• **Exercise**: Reproduce the data below exactly. Skip the pictures.

• **Given information**:
************
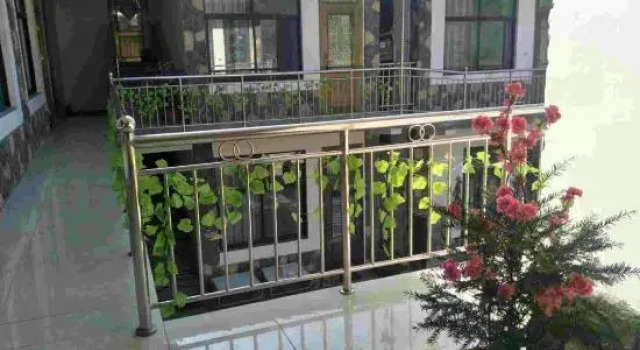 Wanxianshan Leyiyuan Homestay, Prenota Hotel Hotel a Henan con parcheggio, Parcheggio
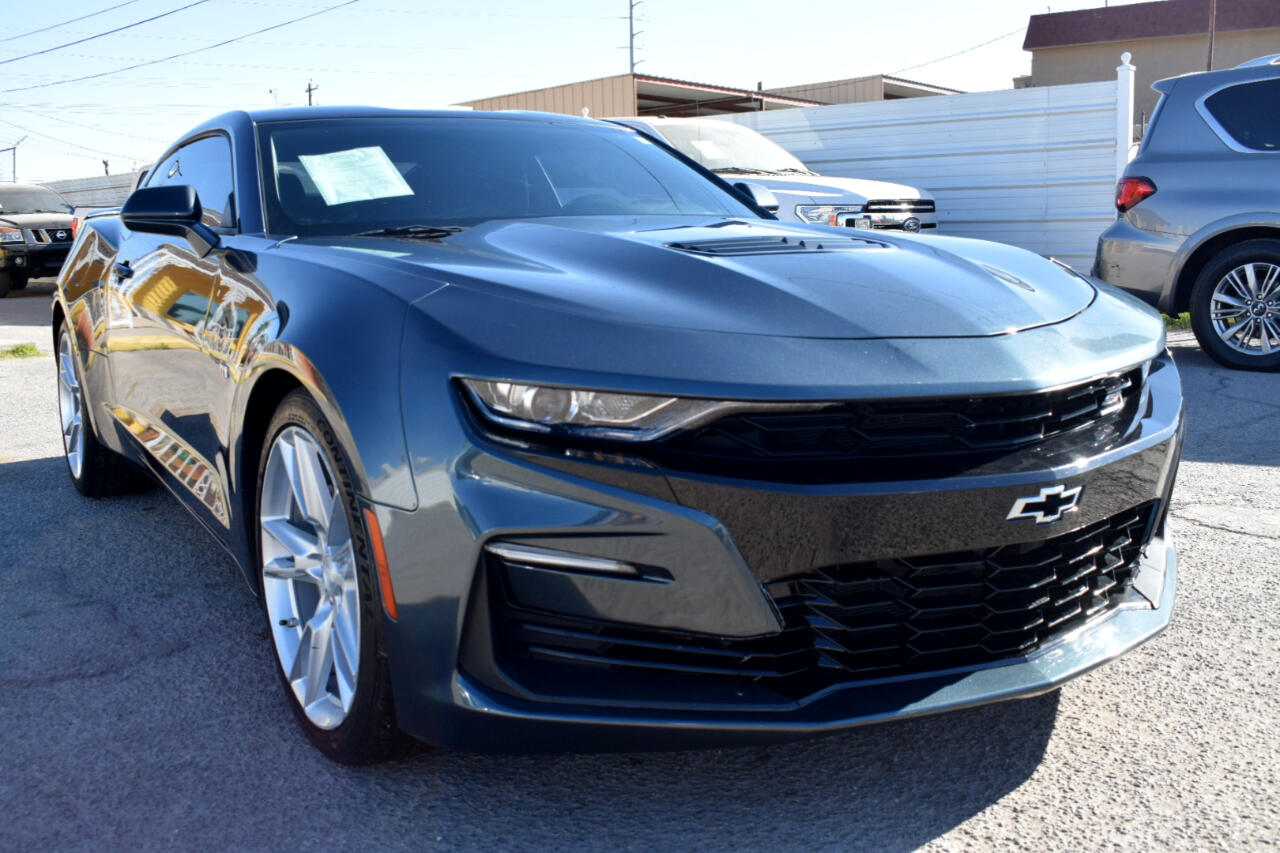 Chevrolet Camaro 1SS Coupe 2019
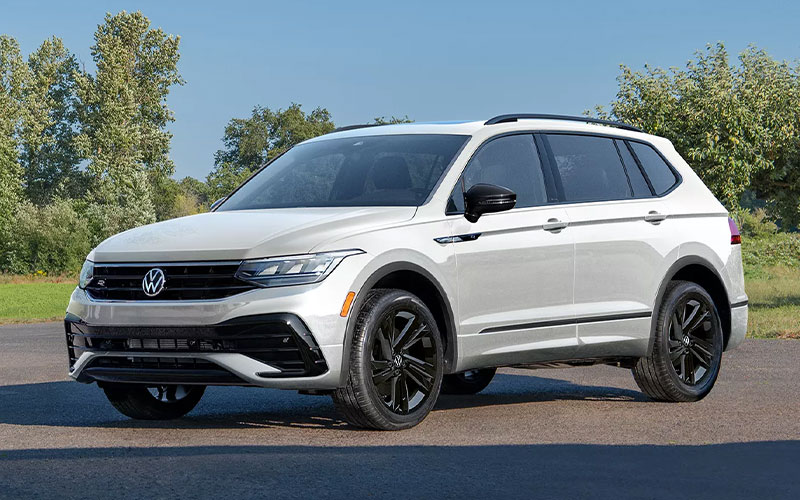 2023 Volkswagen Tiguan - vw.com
************
• **Exercise solution**:
 Wanxianshan Leyiyuan Homestay, Prenota Hotel Hotel a Henan con parcheggio, Parcheggio
 Chevrolet Camaro 1SS Coupe 2019
 2023 Volkswagen Tiguan - vw.com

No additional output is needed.